If you are familiar with Reaper, then Ardour would probably be a better replacement than Audacity. Both Reaper and Ardour are “real-time DAW” applications, whereas Audacity is a WYSIWYG audio editor. Ardour ‘should’ be pretty stable so long as your hardware is fully supported (particularly important is that your sound card is fully supported, and this applies equally to running Audacity).
For running Ardour, it is highly recommended that you use Jack audio system. Setting up Jack can be a pain, but well worth the time and effort once it is set up. If you are intending to mostly use your computer for media production, there are benefits to using one of the Linux distributions that are optimized for media production such as AV Linux, KX Studio, Ubuntu Studio …

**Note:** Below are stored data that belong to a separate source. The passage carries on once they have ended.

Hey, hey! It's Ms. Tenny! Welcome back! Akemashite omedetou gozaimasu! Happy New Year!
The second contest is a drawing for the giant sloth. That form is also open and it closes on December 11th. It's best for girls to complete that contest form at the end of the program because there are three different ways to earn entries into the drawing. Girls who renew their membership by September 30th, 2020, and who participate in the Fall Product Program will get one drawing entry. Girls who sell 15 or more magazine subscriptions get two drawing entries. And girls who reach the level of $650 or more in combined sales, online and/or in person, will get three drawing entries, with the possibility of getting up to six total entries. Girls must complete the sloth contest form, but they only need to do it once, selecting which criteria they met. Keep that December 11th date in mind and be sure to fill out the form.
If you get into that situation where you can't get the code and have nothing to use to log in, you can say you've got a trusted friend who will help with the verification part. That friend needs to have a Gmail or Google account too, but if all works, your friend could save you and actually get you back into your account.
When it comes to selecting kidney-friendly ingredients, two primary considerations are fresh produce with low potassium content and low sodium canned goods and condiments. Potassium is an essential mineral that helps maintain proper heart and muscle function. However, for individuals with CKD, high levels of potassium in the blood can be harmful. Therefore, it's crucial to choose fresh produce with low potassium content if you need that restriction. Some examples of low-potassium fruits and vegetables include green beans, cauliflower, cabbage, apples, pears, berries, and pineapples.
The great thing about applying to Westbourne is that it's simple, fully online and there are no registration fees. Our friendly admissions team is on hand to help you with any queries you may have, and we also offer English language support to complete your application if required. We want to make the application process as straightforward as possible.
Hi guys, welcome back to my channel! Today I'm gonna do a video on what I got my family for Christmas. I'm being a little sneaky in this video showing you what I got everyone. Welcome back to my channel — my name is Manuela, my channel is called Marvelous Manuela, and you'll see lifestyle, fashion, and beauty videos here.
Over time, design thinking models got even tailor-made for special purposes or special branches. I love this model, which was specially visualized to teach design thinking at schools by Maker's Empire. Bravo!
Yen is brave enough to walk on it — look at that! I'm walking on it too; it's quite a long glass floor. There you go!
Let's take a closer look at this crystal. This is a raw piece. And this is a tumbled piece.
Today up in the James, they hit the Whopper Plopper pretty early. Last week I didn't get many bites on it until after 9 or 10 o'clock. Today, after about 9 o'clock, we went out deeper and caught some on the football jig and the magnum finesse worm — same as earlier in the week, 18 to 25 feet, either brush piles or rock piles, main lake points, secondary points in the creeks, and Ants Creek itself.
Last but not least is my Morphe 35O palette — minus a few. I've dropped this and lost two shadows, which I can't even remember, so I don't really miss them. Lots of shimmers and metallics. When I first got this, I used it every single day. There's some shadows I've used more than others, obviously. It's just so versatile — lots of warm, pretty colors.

Note that a Linux based audio studio is a ‘minority interest’, especially in comparison with Windows and Mac. Consequently you will quickly discover that there are few big companies to set things up for you - you can’t just hand over a fistful of dollars in exchange for a fully configured Logic / Sonar / Cubase system. On the other hand, if you like to roll your sleeves up and spend time finding and configuring the pieces of your e-studio yourself, then Linux can provide a hugely powerful and flexible set of tools which can be configured the way that “you” want.
To answer your question directly, Freeverb3 includes convolution reverb (uses impulse files to generate reverb via convolution). Unfortunately ready made Freeverb3 plug-ins are quite rare, but I read that one is included in KX Studio.
As a more general point, Calf Studio Gear provides an excellent set of high quality plug-ins, but unfortunately the current versions are not yet supported by Audacity (they work fine in Ardour).
I am really liking the Linux setup, some of the software is great. I think i’m just looking for one program fits all; even though i never had this on windows either. I’m not looking for anything pro; more like bedroom musician. I will continue as I were but replace reaper with ardour. Ardour seems to be everything I want.
I do really like the simplicity of audacity and some of the tools like spectrum analysis have really helped.